The other problem with most online communities is that there's almost no limit on output. All else being equal, someone with an active offline life is going to have a smaller presence than someone who's terminally online, someone who spends more time listening to others is going to have a smaller presence than someone who spends more time talking, someone who puts more effort into their posts (proofreading, look up evidence) is going to have a smaller presence than someone who haphazardly shoots off comments, and someone who reserves comments for when they have something important to contribute is going to have less of a presence than someone who comments on things they don't know anything about.

Things like mods (most people don't have the time commitment), voting (terminally online people will be able to vote earlier and more often, driving the conversation), front page thresholds (a small group of people acting as filters for new submissions), and time limited submissions (the longer you wait to comment the more likely the conversation will have died) just skews things even more.

For all the discussion about the low quality of online conversations, there seems to be very little discussion about the environments we've created and what kind of discussion these environments encourage.


Even if the counts are private, counters create an ulterior motive beyond substantive discourse in the desire to collect likes. Their signals constrain speech as posts are authored. Just like the profit motive, the like motive greatly skews reality from beneath the surface of what is being said.

And to disagree with someone, you should have to at least open your mouth. That's a conversation. To just be able to dislike or downvote let alone anonymously is harmful for everyone, even the person downvoting. Instead of exercising speech, it's a slap on the wrist response.

Removing context removes nuance, and removing nuance removes intellect.


We detached this subthread from https://news.ycombinator.com/item?id=24523014.


Good luck Mr. Dan. I don't envy you right now.


I'm sorry, but this is wildly naive. It isn't "likes" that are causing the problem. It is things like the fact that one side appears to be in the early stages[1] of a UN defined genocide[2]. I'm not going to be friendly to you if you think lower taxes or some other excuse is more important than the human and civil rights abuses that party supports.

[1] - https://www.usatoday.com/story/news/nation/2020/09/17/hyster...

[2] - https://www.un.org/en/genocideprevention/genocide.shtml


The whole reason most people join that side is that it’s no longer safe to publicly express any opinion that isn’t either anodyne or extreme. This generates constant, subtle pressure which - over years - drives increasingly extreme behaviour.

Yes, I think the far right have gone much further than the far left in that regard; however, IMO its a question of when, rather than if, social progressives take up arms (given the path I see social media taking).

We need to get off public-by-default platforms that feel semiprivate. Everyone gets bad/wrong ideas; talking about them with our friends is how we stop them before they become part of our identity, but it’s no longer safe to do that.

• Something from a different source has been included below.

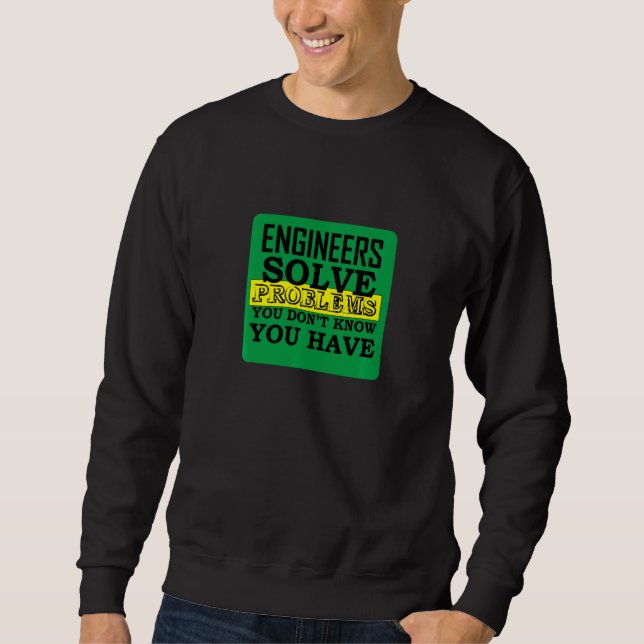 Sweatshirt Les ingénieurs résolvent les problèmes de chemise (Devant)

If you think being asked to be more PC is such an affront that you turn your back on literal genocide, then I'm not going to be your friend.

If a government moves forward with literal genocide, I won't blame any person who takes up arms against it.

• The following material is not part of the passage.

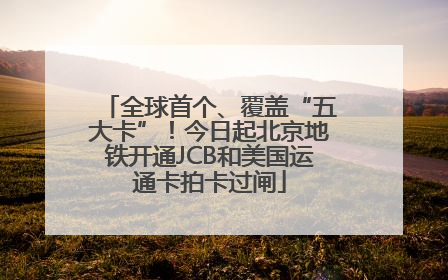 全球首个、覆盖“五大卡”！今日起北京地铁开通JCB和美国运通卡拍卡过闸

Both sides abuse civil rights when it suits them.

Uninformed sterilization has happened in the past in this country too. Look at doctors at some Native American reservations. It's quite abhorrent to stereotype an entire of party based on the sensationalism of an extremely small subset of actors.

Also the 'band wagon' effect is a widely documented cognitive bias - so there is merit to the idea that "likes" can create bias.


>It's quite abhorrent to stereotype an entire of party based on the sensationalism of an extremely small subset of actors.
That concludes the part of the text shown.